On Wed, Jan 04, 2017 at 08:26:27PM -0200, Marcelo Tosatti wrote:
On Wed, Jan 04, 2017 at 05:59:17PM -0200, Eduardo Habkost wrote:
> On Wed, Jan 04, 2017 at 11:39:16AM -0200, Eduardo Habkost wrote:
> > On Wed, Jan 04, 2017 at 09:56:56AM -0200, Marcelo Tosatti wrote:
> > > On Tue, Dec 27, 2016 at 05:21:20PM -0200, Eduardo Habkost wrote:
> > > > Instead of blocking migration on the source when invtsc is
> > > > enabled, rely on the migration destination to ensure there's no
> > > > TSC frequency mismatch.
> > > >
> > > > We can't allow migration unconditionally because we don't
know if
> > > > the destination is a QEMU version that is really going to ensure
> > > > there's no TSC frequency mismatch. To ensure we are migrating to
> > > > a destination that won't ignore SET_TSC_KHZ errors, allow invtsc
> > > > migration only on pc-*-2.9 and newer.
> > > >
> > > > Signed-off-by: Eduardo Habkost <ehabkost(a)redhat.com>
> [...]
> > > > @@ -2655,12 +2656,14 @@ int kvm_arch_put_registers(CPUState *cpu, int
level)
> > > > }
> > > >
> > > > if (level == KVM_PUT_FULL_STATE) {
> > > > - /* We don't check for kvm_arch_set_tsc_khz() errors
here,
> > > > - * because TSC frequency mismatch shouldn't abort
migration,
> > > > - * unless the user explicitly asked for a more strict TSC
> > > > - * setting (e.g. using an explicit "tsc-freq"
option).
> > > > + /* Migration TSC frequency mismatch is fatal only if we are
> > > > + * actually reporting Invariant TSC to the guest.
> > > > */
> > > > - kvm_arch_set_tsc_khz(cpu);
> > > > + ret = kvm_arch_set_tsc_khz(cpu);
> > > > + if ((x86_cpu->env.features[FEAT_8000_0007_EDX] &
CPUID_APM_INVTSC) &&
> > > > + ret < 0) {
> > > > + return ret;
> > > > + }
> > > > }
> > >
> > > Will the guest continue in the source in this case?
> > >
> > > I think this is past the point where migration has been declared
> > > successful.
> > >
> > > Otherwise looks good.
> >
> > Good point. I will make additional tests and see if there's some
> > other place where the kvm_arch_set_tsc_khz() call can be moved
> > to.
>
> So, if we solve this and do something on (for example) post_load,
> we still have a problem: device state is migrated after RAM. This
> means QEMU will check for TSC scaling and abort migration very
> late.
>
> We could solve that by manually registering a SaveVMHandler that
> will send the TSC frequency on save_live_setup, so migration is
> aborted earlier.
>
> But: this sounds like just a complex hack to work around the real
> problems:
>
> 1) TSC frequency is guest-visible, and anything that affects
> guest ABI should depend on the VM configuration, not on host
> capabilities;
Well not really: the TSC frequency where the guest starts
is the frequency the guest software expects.
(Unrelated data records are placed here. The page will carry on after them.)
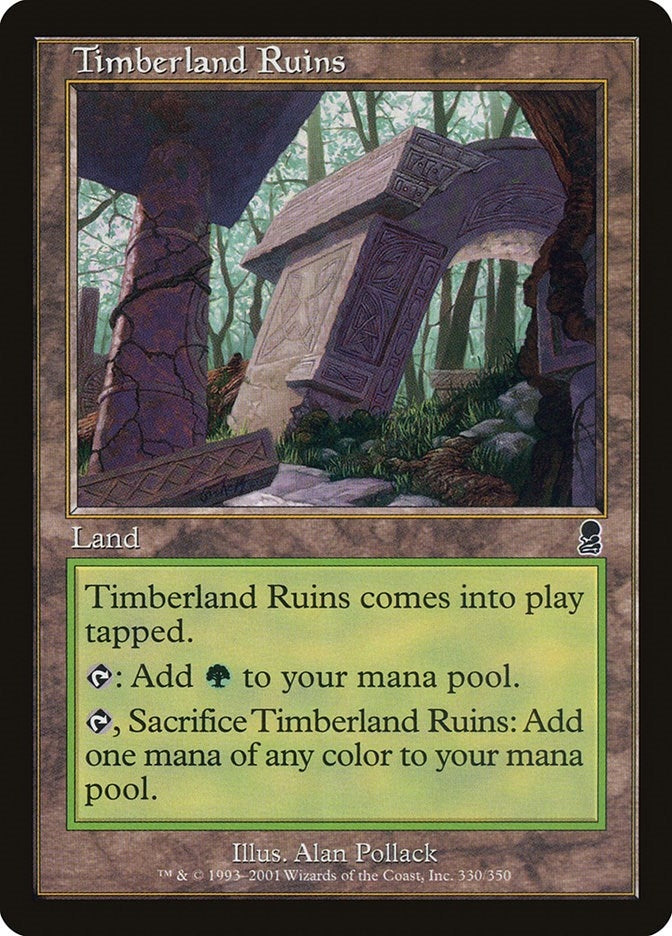 Image for Timberland Ruins (330) [Odyssey] - Magic: The Gathering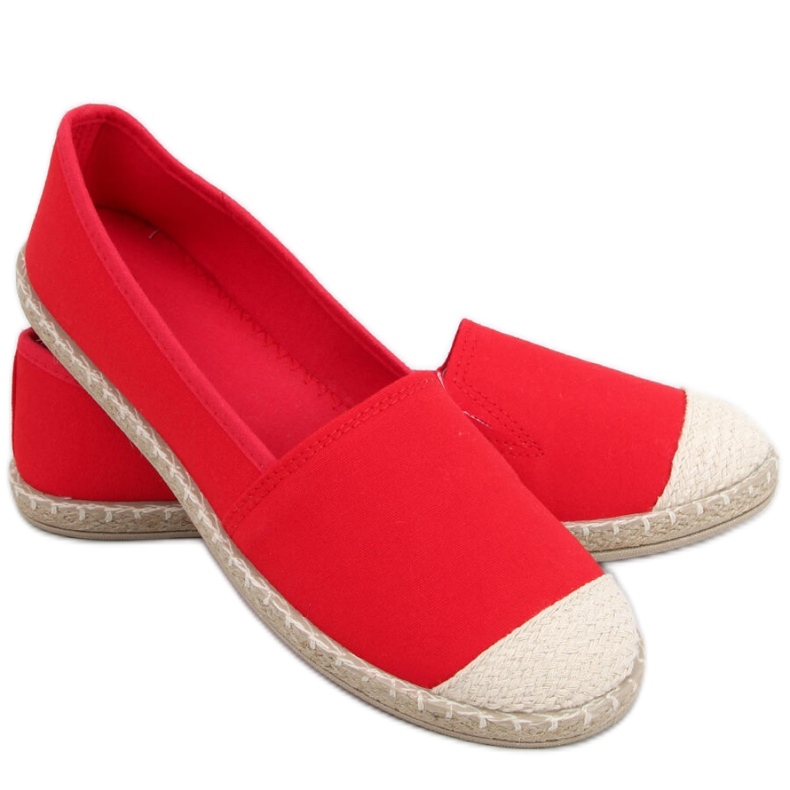 Damen-Espadrilles Rot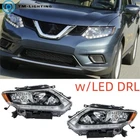 For Nissan Rogue 2014-2015-2016 Headlight Halogen Lh+rh W/led Drl Chrome Clear New. Price: $98.25.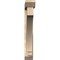 Ekena Millwork Imperial Slat Rough Sawn Bracket w/ Offset Brace, Douglas Fir, 6"W x 40"D x 40"H BKT0604X40X40IMP06RDF - alternate 4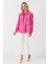 Uzun Kol Nakışlı Örme Bluz 951 - Pembe 2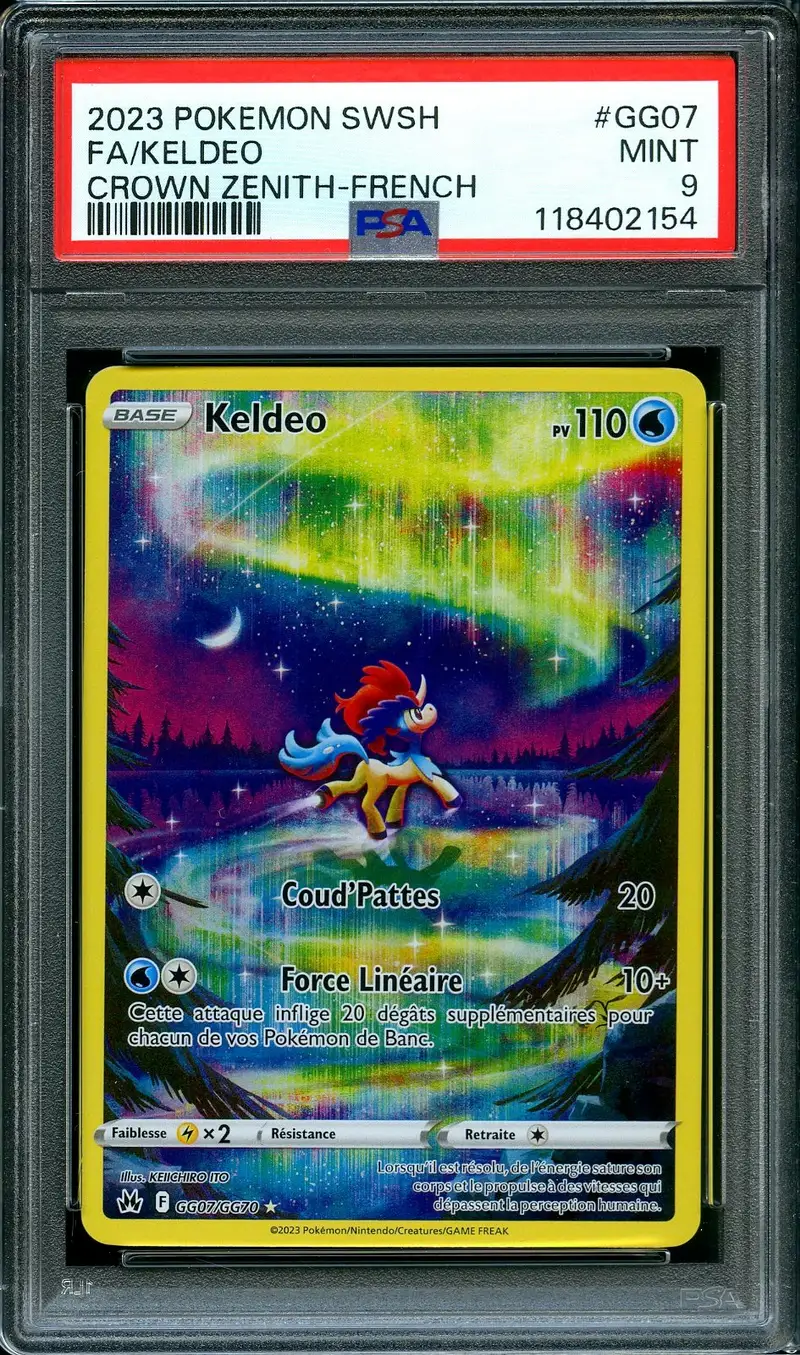 PSA 9 Keldeo
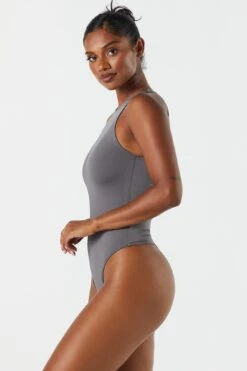 Contour High Neck Sleeveless Bodysuit 27 Contour High Neck Sleeveless Bodysuit -Deals Drape & Denim Store 079003039033 02 2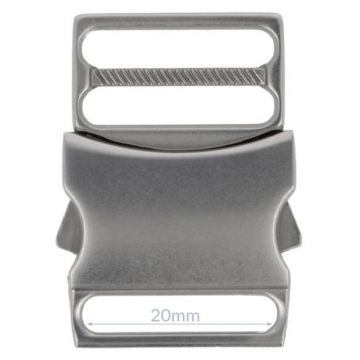 Opry Steckschnalle - Mat Silver - 20mm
So it does depend on host capabilities.
Could you explain where this expectation comes from? I can see
multiple cases where choosing the TSC frequency where the VM
starts is not the best option.
I am considering two possible scenarios below. You probably have
another scenario in mind, so it would be useful if you could
describe it so we can consider possible solutions.
Scenario 1:
You have two hosts: A and B, both with TSC scaling. They have
different frequencies. The VM can be started on either one of
them, and can be migrated to either one depending on the policy
of management software.
Maybe B is a backup host, the VM is expected to run most times on
host A, and we want to use the TSC frequency from host A every
time. Maybe it's the opposite and we want to use the frequency of
B. Maybe we want to use the lowest frequency of both, maybe the
highest one. We (QEMU developers) can recommend policy to libvirt
developers, but a given QEMU process doesn't have information to
decide what's best.
Scenario 2:
Host A has TSC scaling, host B doesn't have TSC scaling. We want
to be able to start the VM on host A, and migrate to B. In this
case, the only possible solution is to use B's frequency when
starting the VM. The QEMU process doesn't have enough information
to make that decision.
> 2) Setting TSC frequency depending on the host will make
> migratability unpredictable for management software: the same
> VM config could be migratable to host A when started on host
> B, but not migratable to host A when started on host C.
Well, just check the frequency.
What do you mean by "just check the frequency"? What exactly
should management software do?
Whatever management software do, if you just use the source host
frequency you can get into a situation where you can start a VM
on host A and migrate it to B, but can't start the VM on host B
and migrate it to A. This would be confusing for users, and
probably break assumptions of existing management software.
> I suggest we allow migration with invtsc if and only if
> tsc-frequency is set explicitly by management software. In other
> words, apply only patches 1/4 and 2/4 from this series. After
> that, we will need libvirt support for configuring tsc-frequency.
I don't like that for the following reasons:
* It moves low level complexity from QEMU/KVM to libvirt
(libvirt has to call KVM_GET_TSC_KHZ from a vcpu thread).
It doesn't. It could ask QEMU for that information (the new
query-cpu-model-expansion QMP command would allow that).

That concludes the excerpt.